Bowlus was born in Iola, Kansas, to the late George and Jane Bowlus. He majored in chemistry as an undergraduate at the University of Kansas, but a fortuitous accident when he caused a fire in the chemistry lab led him to his true calling. Bowlus became a medievalist, completing his Ph.D. at the University of Massachusetts at Amherst and specializing in medieval Europe and military history.
“He was the only medievalist I’ve ever met who sided with the peasants and not the aristocrats,” said Dr. Edward Anson, professor of history.
After college, Bowlus worked as a reporter in Colby, Kansas, before joining the U.S. Army. He served as a chaplain’s assistant in France. While in Europe, he courted and married his wife, Barbara, a Swiss exchange student he met at the University of Kansas.
Together, the couple taught many Trojans. Bowlus was a passionate professor for more than 25 years at UA Little Rock. Barabara Bowlus also taught German at the university.
“Chuck Bowlus was a stellar scholar and a thoroughly wonderful human being,” said Dr. Jane Brown, professor emerita of art. “Barbara was an equally outstanding colleague and a champion for students. I was fortunate enough to be included on a trip to Germany, funded by a Department of Education grant, with Chuck and Barbara as well as other UALR faculty from diverse departments. Their deep knowledge of the country, its museums, cultural sites, and restaurants made it an opportunity of a lifetime.”
His colleague, Dr. Thomas Kaiser, recalled his dedication to scholarship and teaching, his intolerance of pretense, and his dedication to principles that he embodied in his own life.

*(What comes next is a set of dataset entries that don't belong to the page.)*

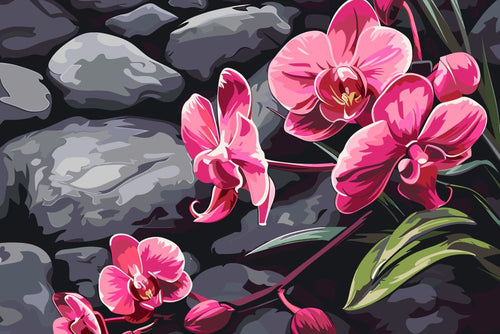 Malen nach Zahlen - Malen nach Zahlen - Orchidee mit Zen Steinen - Premium Painting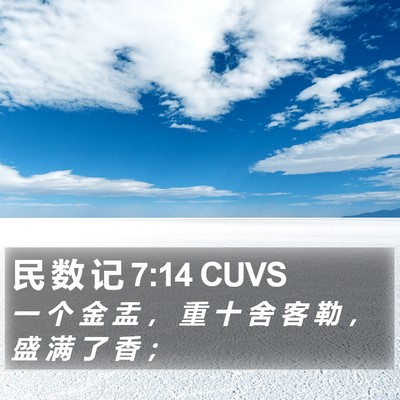 民 数 记 7:14 CUVS Bible Verse Image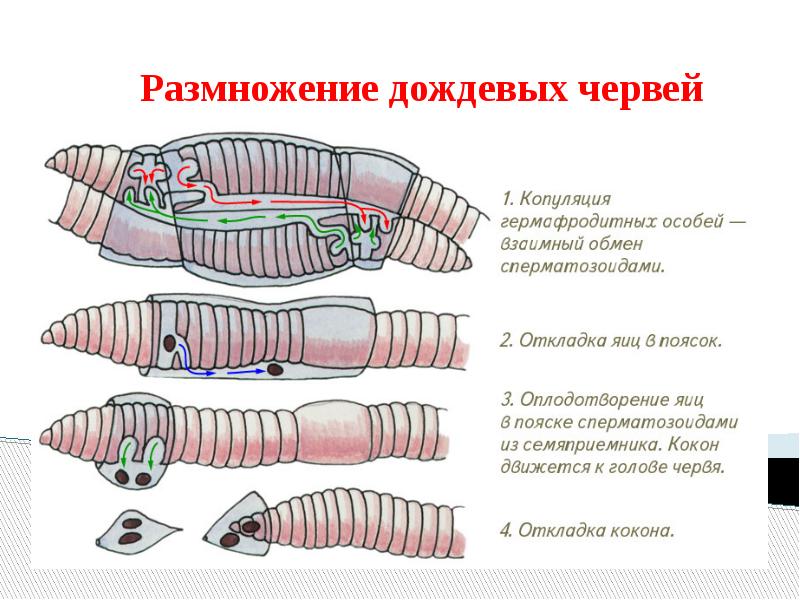 Стадии развития дождевого червя в картинках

“Chuck Bowlus was a force of nature. He was passionate in just about everything he undertook,” Kaiser said. “He saw no wall between his scholarship and teaching on the one hand and his non-academic life on the other. In this way, he managed to enrich his scholarship on a largely agrarian society with his own experience farming and his own travels in lands whose geography and culture he got to know intimately. Scholarship, for him, was not an isolated activity. It was meant to be shared, which he did through his dedicated teaching and the tours he conducted with students in Europe.”
Bowlus is survived by his life’s companion of 54 years, Barbara Bowlus, daughter, Cordelia, son, Christopher, and four grandchildren. His family described his time as a professor in the Oshkosh Herald.

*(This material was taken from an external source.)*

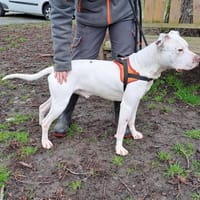 THALES, chien à adopter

“On the UALR campus, he was known as an energetic, erudite, and witty,” the Bowlus family wrote. “While his area of research was medieval history, he taught everything from world to environmental history. He had a bellowing voice which could be heard through the classroom walls. Although he was tone deaf, he loved to sing, especially when he saw students nodding off. His favorite was ‘La Marseillaise.’ Yes, he was an iconoclast, a revolutionary at heart. He was THAT professor who made an indelible impression on students, not only engaging them in the complexities of human history but laying bare its relevance.”